Islam ada bukan untuk mengubah ucapan “sampurasun” atau “selamat pagi/siang” atau “good morning” atau “Syalom” dan lain sebagainya menjadi “assalamu’alaikum”. Seperti ucapan selamat yang lain, “assalamu’alaikum” juga sama: baik kaum Muslim maupun non-Muslim yang berbahasa Arab akan mengucapkan “kalimat perdamaian” ini. Para kolegaku yang non-Muslim tiap hari bilang “salamu’alaikam-salamu’alaikum”.
Karena itu jika ada sejumlah kelompok non-Muslim yang “alergi” dengan kalimat “salam damai” ini karena dipandang sebagai “ucapan selamatnya orang Islam” sama lucunya dengan sejumlah kelompok Muslim yang bernafsu ingin mengganti semua ucapan salam dalam bahasa lokal menjadi “assalamu’alikum” karena dipandang “lebih Islami”. Tidak ada hubungannya antara “assalamu’alaikum” dengan “identitas keislaman”.

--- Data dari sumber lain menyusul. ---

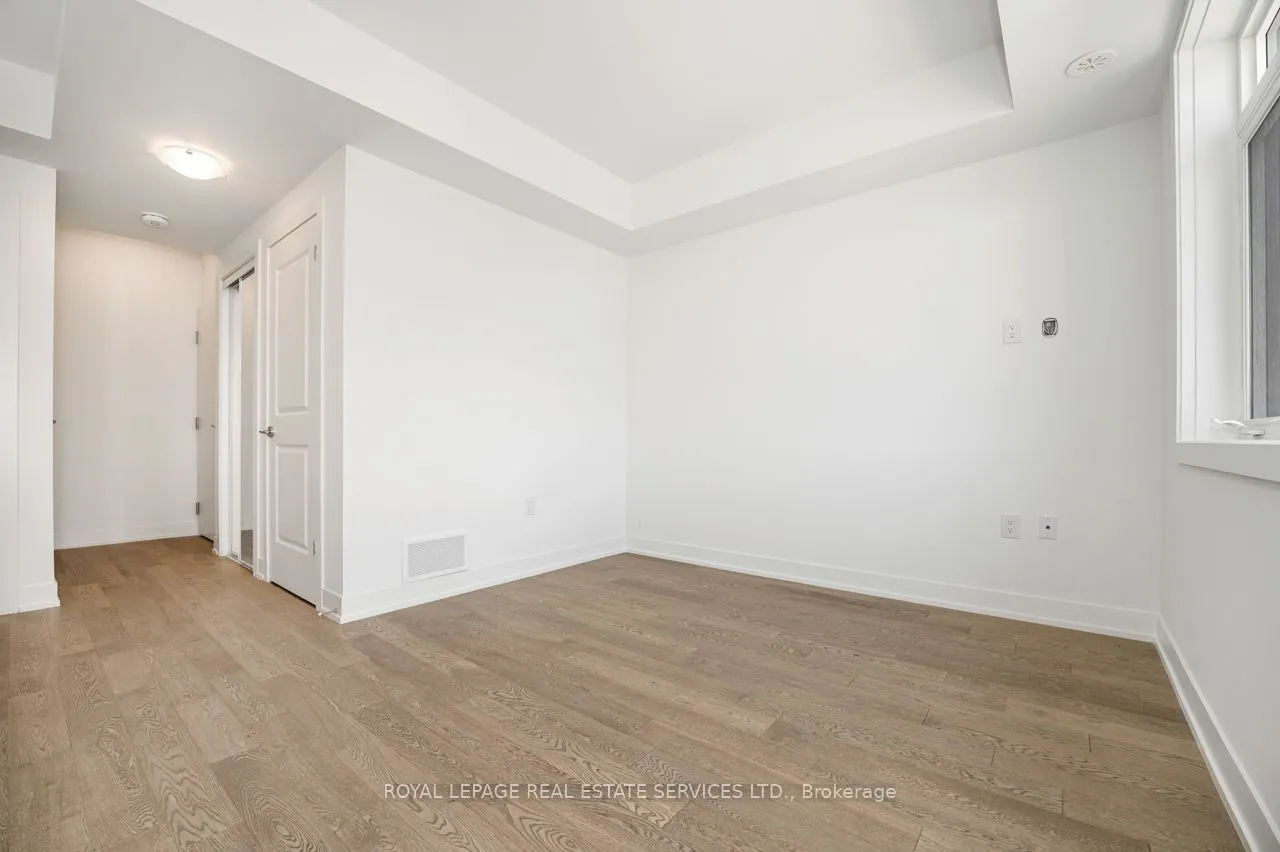 1075 Douglas McCurdy Common #251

Islam hadir bukan untuk “meng-Arab-kan” bangsa, bahasa dan budaya lain: mengubah ayah/bunda, bapak/ibu, bapake/simboke dan lain sebagainya menjadi “abi/umi”, mengganti saudara/saudari menjadi ikhwan/akhwat atau akhi/ukhti dan lain sebagainya. Kehadiran Islam tidak lain dan tidak bukan adalah untuk memperbaiki akhlak dan moralitas manusia, agar kaum Muslim menjadi “Muhammad-Muhammad kecil” yang mampu membawa perubahan positif, rahmat dan kedamaian bagi semua umat manusia dan alam raya ini.
Apalah artinya fasih berbahasa Arab, jika kefasihan itu kalian gunakan untuk mencaci-maki bahasa lain dan menebar kebencian terhadap orang dan budaya lain; apalah artinya pandai berdalil jika dalil itu kau gunakan untuk memfitnah dan menyebarkan kekerasan kepada orang lain; apalah artinya berjidat hitam jika otak dan perilaku kalian hitam-legam sehitam jidat kalian;
Apalah artinya berjenggot panjang jika keburukan dan kejahatan kalian sama dengan jenggot kalian yang menjuntai itu; dan apalah artinya berpakaian meniru-niru Nabi Muhammad SAW, jika ternyata pikiran dan tindakan kalian seperti “begundal tengik” Abu Jahal wa ala alihi wa ashhabihi ajma’in.